Let's Build a 28-core Raspberry Pi Cluster!

This is the second instalment of my 'How I built' trilogy detailing the build process of all 3 of my clusters. Read the first here.

Where you are in the cluster timeline

Octopains

In October 2018, more than a year after building my first cluster Octopi, I had officially outgrown the cluster. I started noticing the performance bottlenecks started when I tried to run Wordpress on it, where a single page load of a newly installed Wordpress blog takes about 10 seconds! Nevertheless, all that was unsurprising given the measly single-core 700MHz processor on each node.

At that point in time, I've graduated from university then and secured a job as a Data Scientist + Full-Stack Engineer at a startup and I thought to myself:

What better a time to build myself a new cluster?

Kraken

The second cluster was named Kraken.

The kraken (/ˈkrɑːkən/)[1] is a legendary cephalopod-like sea monster of gigantic size in Scandinavian folklore. (Wikipedia)

The Kraken is basically a much bigger and monstrous octopus, hence the name, symbolizing an evolution of the first cluster. It was built out of 7 Raspberry Pi 3Bs powered by a single USB charger.

With my first pay check, I had initially intended to finally build a cluster of 8 nodes but once again I was unable to realize this cursed idea. The maximum number of ports on a consumer-grade network switch was 8, enough for 7 nodes and a cable to the router.
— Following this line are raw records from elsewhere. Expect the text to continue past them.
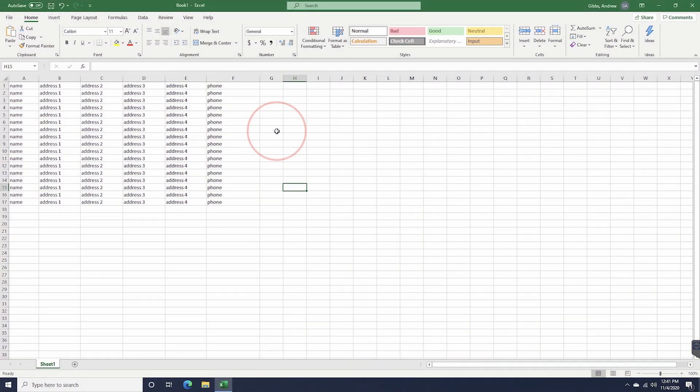When you're working with a bunch of data and rows, like an address book for example, it sometimes becomes hard to scan across multiple columns, especially when you go to print. To help, you can add shading to every other row to help break them up and make it easier on your eyes.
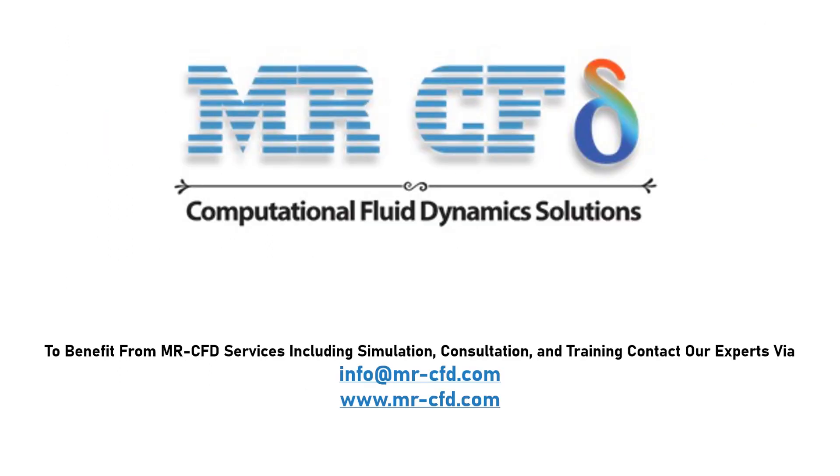To benefit from Mr. CFD services including simulation, consultation and training, contact our experts via info at mrcfd.com.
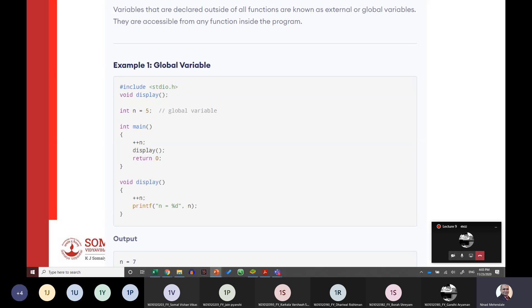The second type is global variables, which remain accessible throughout the entire program. You declare them outside main and outside any user-defined function — after the library includes and function prototypes but before main. For example, declaring int n globally means n can be incremented and used in both main and the display function without re-declaring it. Global variables like the value of pi are typical examples of constants declared this way.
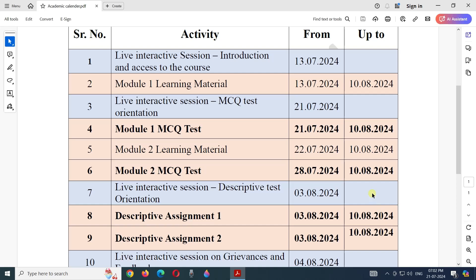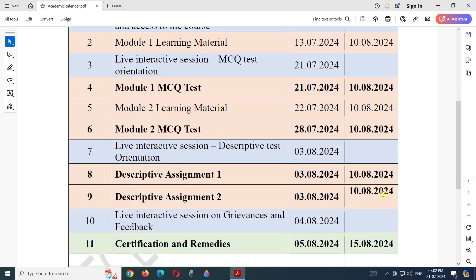For example, a participant who starts accessing the learning material on 1st of August can still finish all activities by 10th of August. There is no fixed date for when you should start or complete an activity, but there is a last date: you should complete accessing the learning material, tests, and assignments on or before 10th of August 2024.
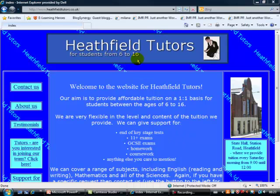First of all we have the header. This one I put together using basic software and a free image. You can get a more professional one produced if you want to, either by subscribing to a site and building it yourself, or you can pay somebody to actually build it for you.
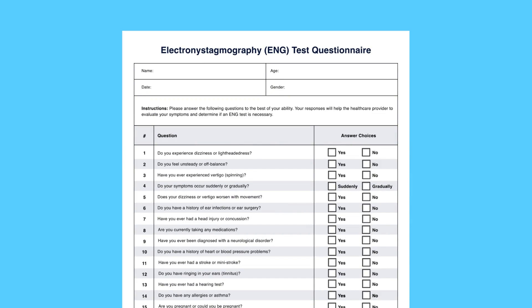To fill out the test questionnaire, input the important information at the top and answer each of the questions.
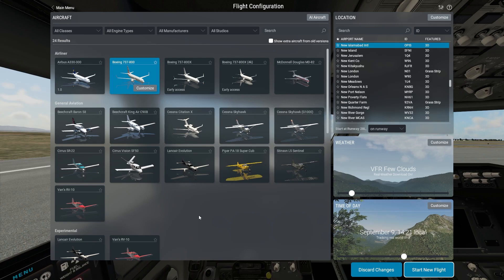Welcome to my channel. In this video today, I'm going to show you the difference between the Boeing 737-800 and the ZeeboMod Boeing 737-800 for X-Plane 12.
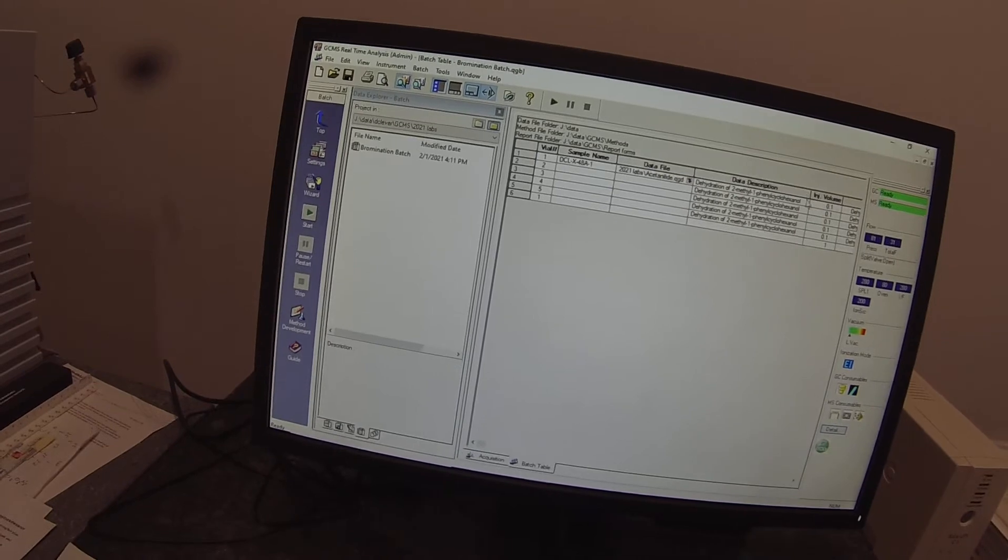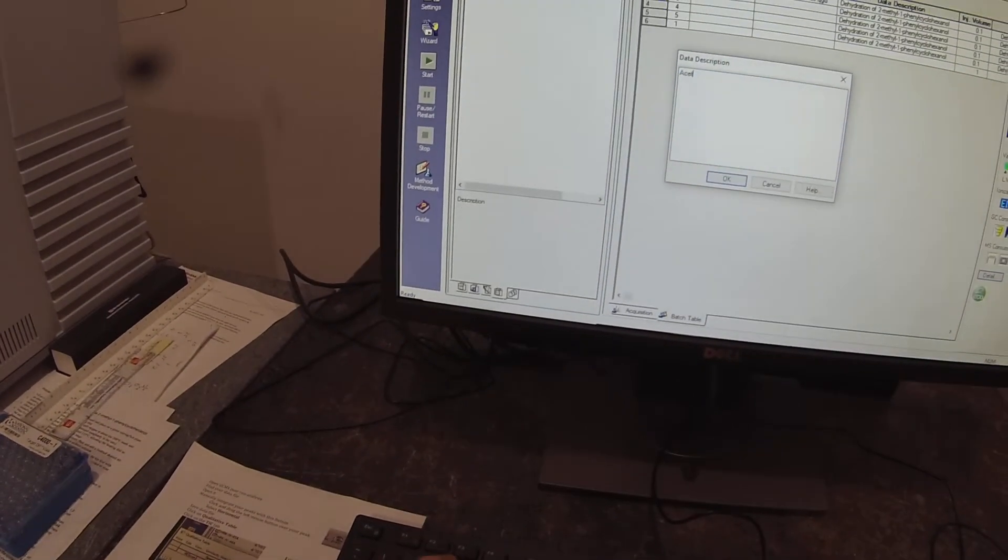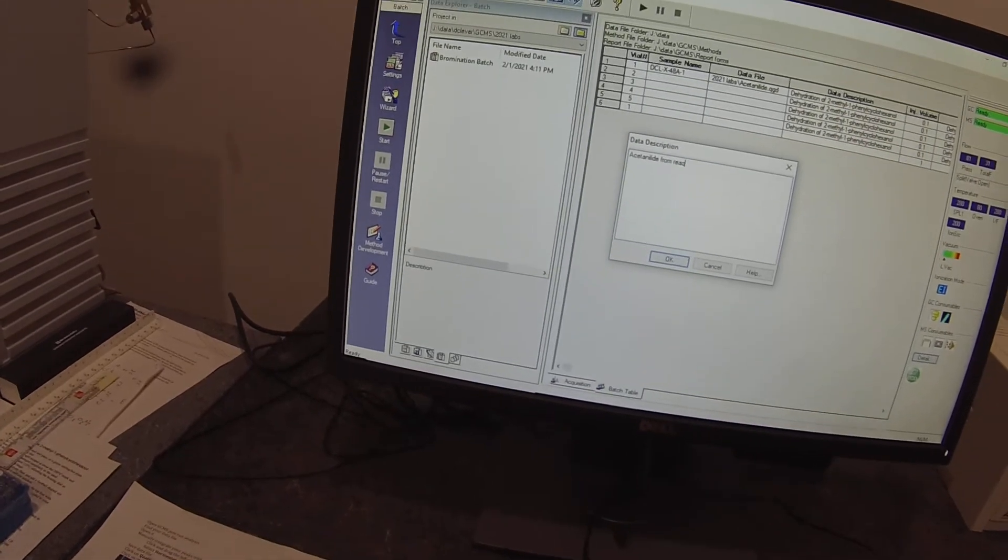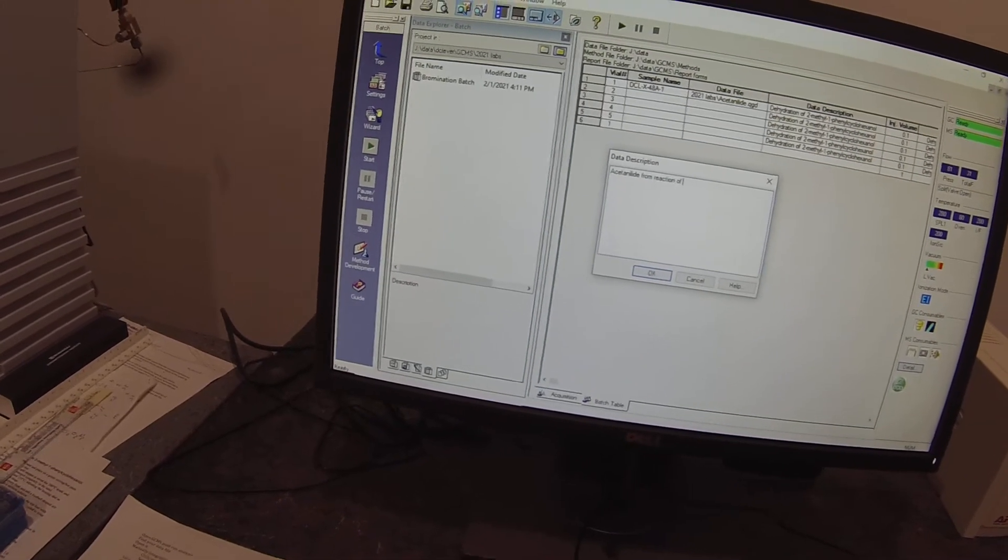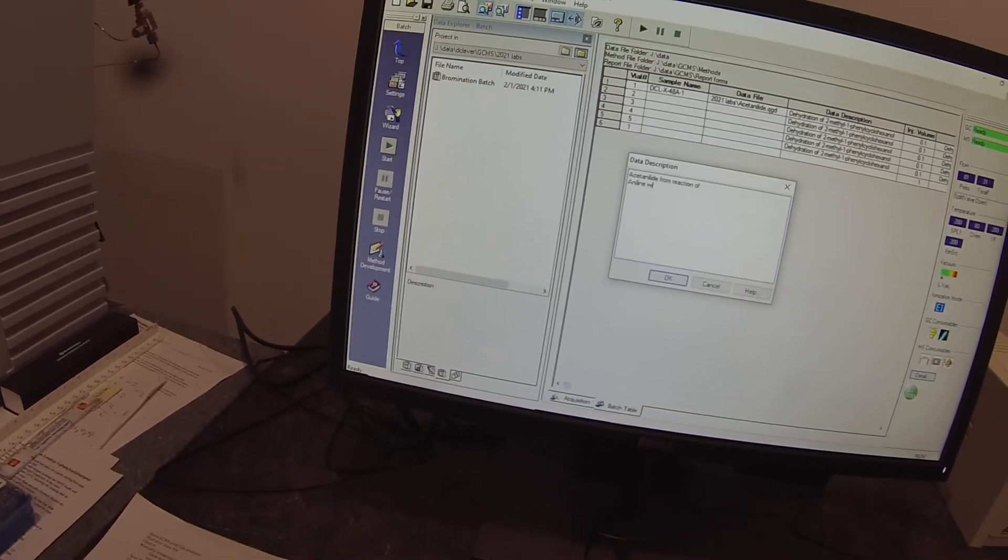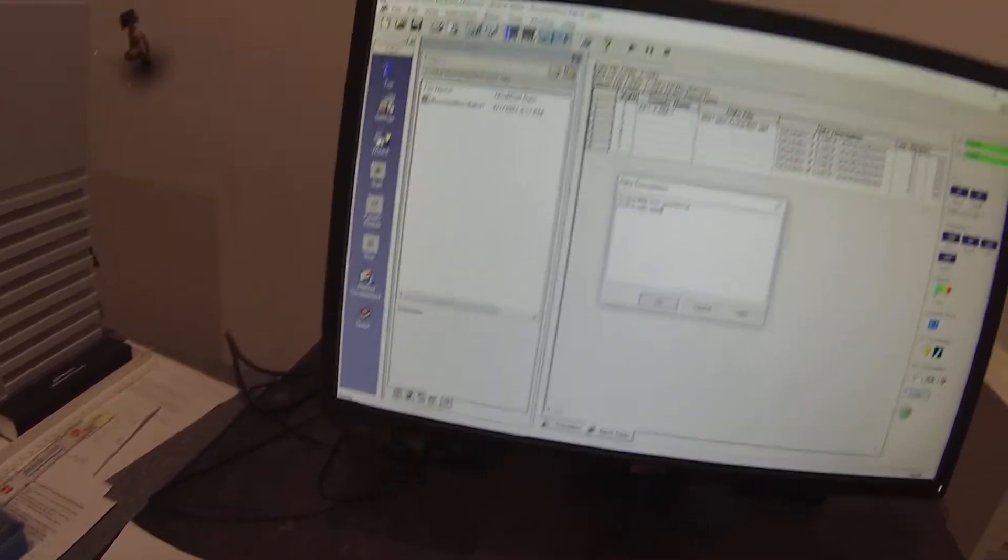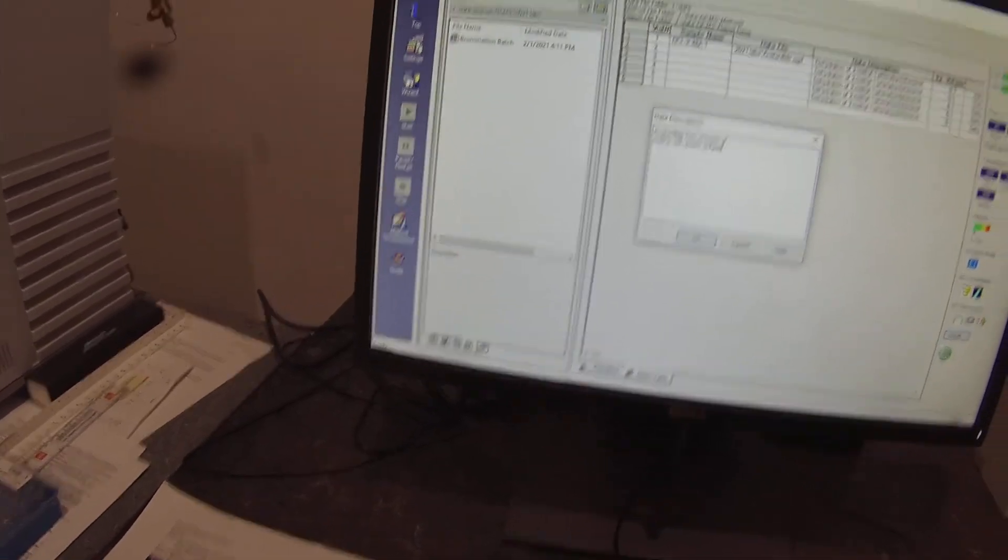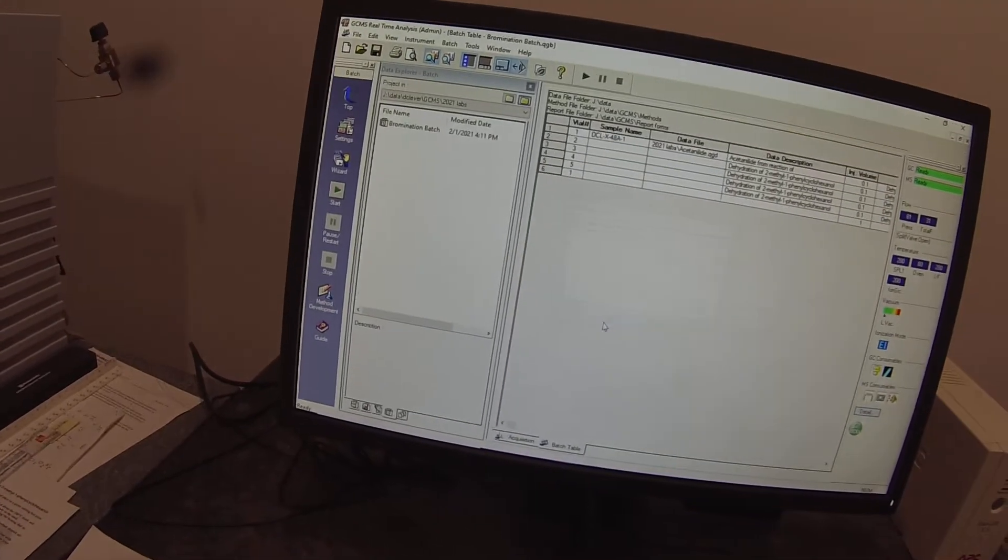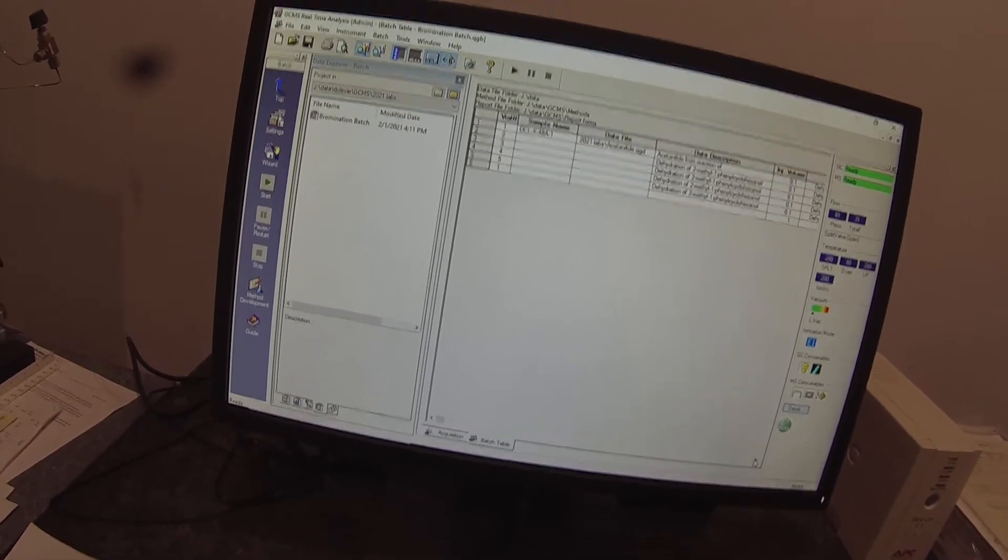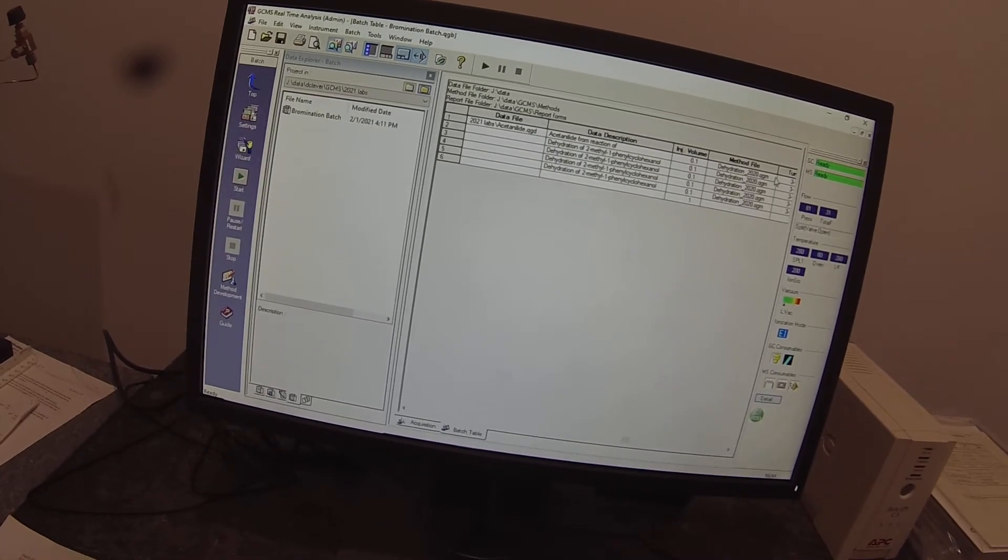And then I've got to give it a file name. And this would be the acetanilid, we hope. So under data description, acetanilid from reaction of aniline with acetic anhydride.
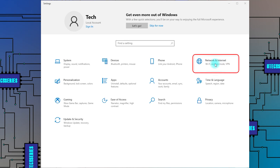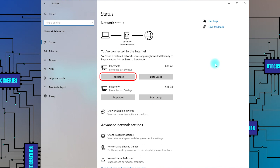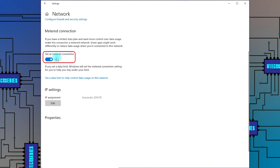Open Windows Settings and go to Network and Internet. Select Properties for the network on which you are connected. Turn off the Set as Metered Connection.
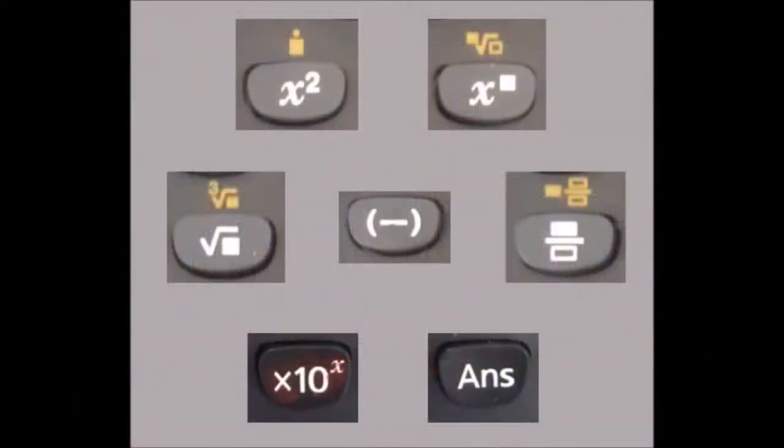So if you've tuned in by accident, then you might as well stay because it's going to be amazing. And if you've tuned in on purpose, that probably means that you need to know how to use some of the basic buttons on a scientific calculator. So we're going to get straight to that. The buttons we're going to look at today should appear on the screen now. Okay, let's begin.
Item TP-Link 8-port Switch TP-Link 16-Port Smart Switch
Photo
Cost (SGD)* S$26.46 S$195.03
Cost (USD) $18.99 $139.97
* SGD/USD exchange rate is 0.71770 as of the time of writing

An alternative was to use commercial-grade network switches with 16 ports but that was obviously was out of the question (and budget).

Cluster Specifications

7 × Raspberry Pi 3 Model B Overall
CPU 4 × Cortex-A53 1.2 GHz 28 × Cortex-A53 1.2 GHz
RAM 1GB 7GB
USB 4 × USB 2.0 28 × USB 2.0
Storage 16GB MicroSD Class 10 128GB1 Class 10

1Comprised of 1 × 32GB, 6 × 16GB

The Kraken cluster is born! (No that's not my ceiling)

The total damage my wallet sustained from Kraken was S$626.63 or in $449.73 USD, which was virtually all I had left for the month after subtracting expenses and education loan repayments.

Parts list

Item Qty Cost (SGD) Cost (USD)*
Raspberry Pi 3 Model B 7 S$420.00 $301.43
Anker PowerPort 10 60W 10-port USB Charger 1 S$32.58 $23.38
TP-Link TL-SF1008D 8-Port Ethernet Switch 1 S$20.00 $14.35
Cat 5e 30cm cable 7 S$3.50 $2.51
Cat 5e 1m cable 1 S$2.00 $1.44
MicroUSB charging cable 7 S$21.00 $15.07
16GB Class 10 MicroSD Card 7 S$70.00 $50.24
32GB Class 10 MicroSD Card 1 S$16.00 $11.48
1 GeauxRobot Raspberry Pi 7-Layer Dog Bone Stack 1 S$41.55 $29.82
Total S$626.63 $449.73
* SGD/USD exchange rate is 0.71770 as of the time of writing
1 Optional but handsome

Something noteworthy was that I chose a 32GB MicroSD card as storage for the first node as I had intended it to be the master main node of a Docker swarm setup and anticipated that I'd need additional storage for building and deploying Docker images.

Kraken (top) and Octopi (bottom) co-existing, shot with a potato

Kraken gigabit upgrade

One year later in September 2019, I found myself regularly hitting the bandwidth limit of 100Mbps on the built-in ethernet ports of Raspberry Pi 3Bs, especially when doing large file transfers in or out of the machines, where transfer speeds hover around a sad 8MB/s.

I looked around and found Jeff Geerling's blog post where I learnt that I could use USB Gigabit ethernet adapters to increase the bandwidth to slightly over 200Mbps and so I bought a bunch of cheap Chinese USB Gigabit ethernet adapters and a gigabit switch and got down to upgrading.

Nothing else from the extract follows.